Author's notes: I'm sorry that the last few chapters have been short. I've just been slacking off, in case you couldn't tell. I've been kind of stressed lately, what with my Japanese class, Debate club, learning how to use photoshop, homework, finals (ick), baby sitting, being taken advantage of coughcoughPANICcoughcough and all that good shit.
I love to write, and I'm hoping that someday I can break away from just doing fan service on my favorite anime on my favorite fan fiction site, and be able to establish my own characters and make them interact and actually get published somewhere. Until then, however, I am content to write about anime characters and I'm eternally grateful every time I open my inbox and see all the reviews that you guys were kind enough to write to me.
I am truly thankful to all of my reviewers, you are the ones that constantly convince me to continue writing. Without you guys, I swear I would fade off the face of the earth.
SO TO THANK YOU ALL FOR YOUR SUPPORT AND YOUR (UN)PATIENT WAITING: This chapter is extra long! Enjoy! Also, there is some 'fluff' in this chapter, many have asked for it so I managed to squeeze it in.
Thank you! And I'm sure you want to stop listening to my pathetic groveling and read on with the story with a plot thicker than my grand mother's toe jam. Oo (bad image)
Forgotten Snow
Chapter nine
The next day, Miroku stood at the coffee machine sipping on some coffee. His mind was plagued with the information Inu-yasha had given him. He had started out tense, but then soon he was pouring his guts out to Miroku like he was on his deathbed. He saw Inu-yasha's sorrow, his regrets; everything he'd thought couldn't exist in the seemingly cold man. But no, now he realized that he was simply hiding everything up. Soon, he feared, Inu-yasha would explode and have a mental breakdown.

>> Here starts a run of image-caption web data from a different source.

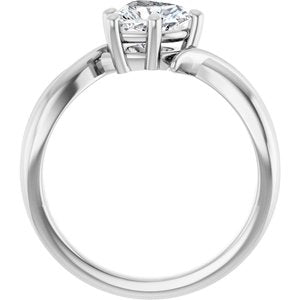 14K White Gold 6.5x6.5 mm Heart Ring Mounting – image 3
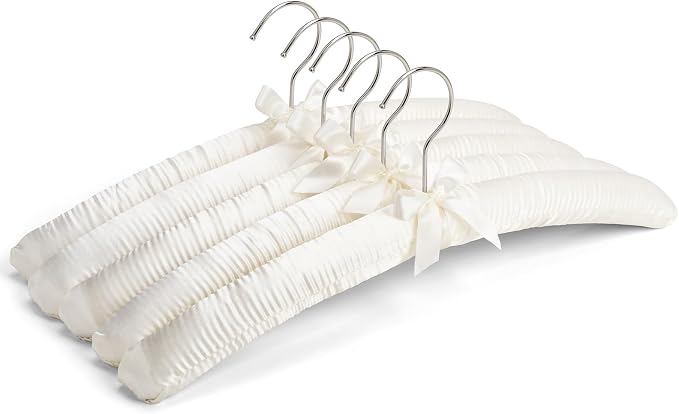 Amber Home 5 Pack 17 Inch Large Ivory Satin Padded Hangers by AmberHome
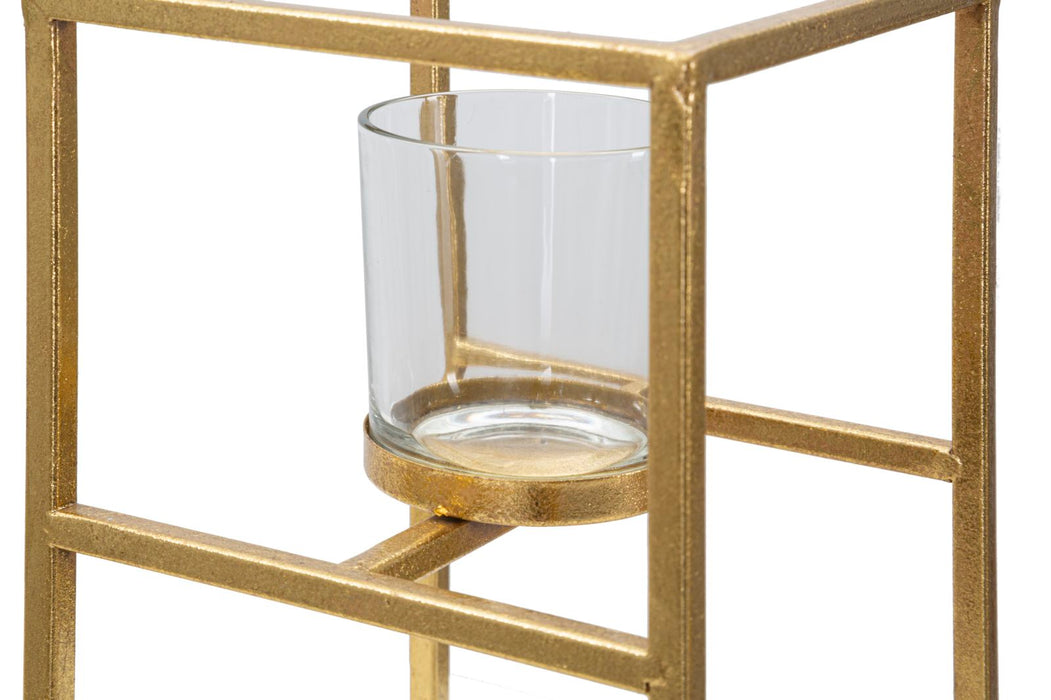 Suport Lumanare Mauro Ferretti Elegant  15X15X25 cm, Auriu
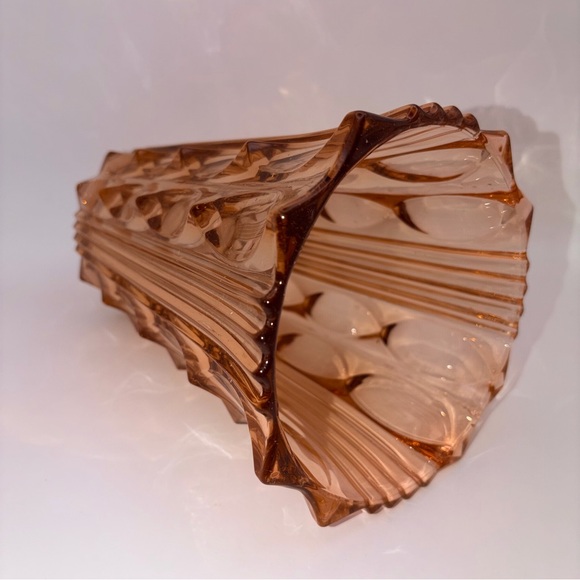 Artdeco Stolze vase pink peach pressed glass 1930's | Art Deco Style | 8” Tall - Picture 8 of 11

When Miroku asked Inu-yasha if he'd ever laid Kagome, however, resulted in Inu-yasha getting all flustered and kicking him out of the office. Miroku took that as a yes.
Sango came out of Sesshoumaru's office with a feverish sway in her hips, her hair was neatly combed into a low pony tail and her hot pink eye shadow brought out the beautiful maroon of her eyes. He found himself grinning and leaning against the wall like a 'smooth criminal' as he liked to call it.
Sango raised an eyebrow as she came to a stop at the coffee machine, "Don't even think about it."
"You know," Miroku said with a smirk, "you've been avoiding me, Sango, if I didn't know better I'd say you were trying to get away from me."
Sango gave him a dry look.
"What?" Miroku asked, feigning innocence.
Sango rolled her eyes, "For your information, I've been giving Kagome some emotional support. She's been a wreck ever since she became Inu-yasha's secretary."
"Tell me about, Inu-yasha just basically spilled his guts yesterday," Miroku said sadly as he stared at the remainder of the liquid in his cup. "He really misses her. He hates to admit it, though."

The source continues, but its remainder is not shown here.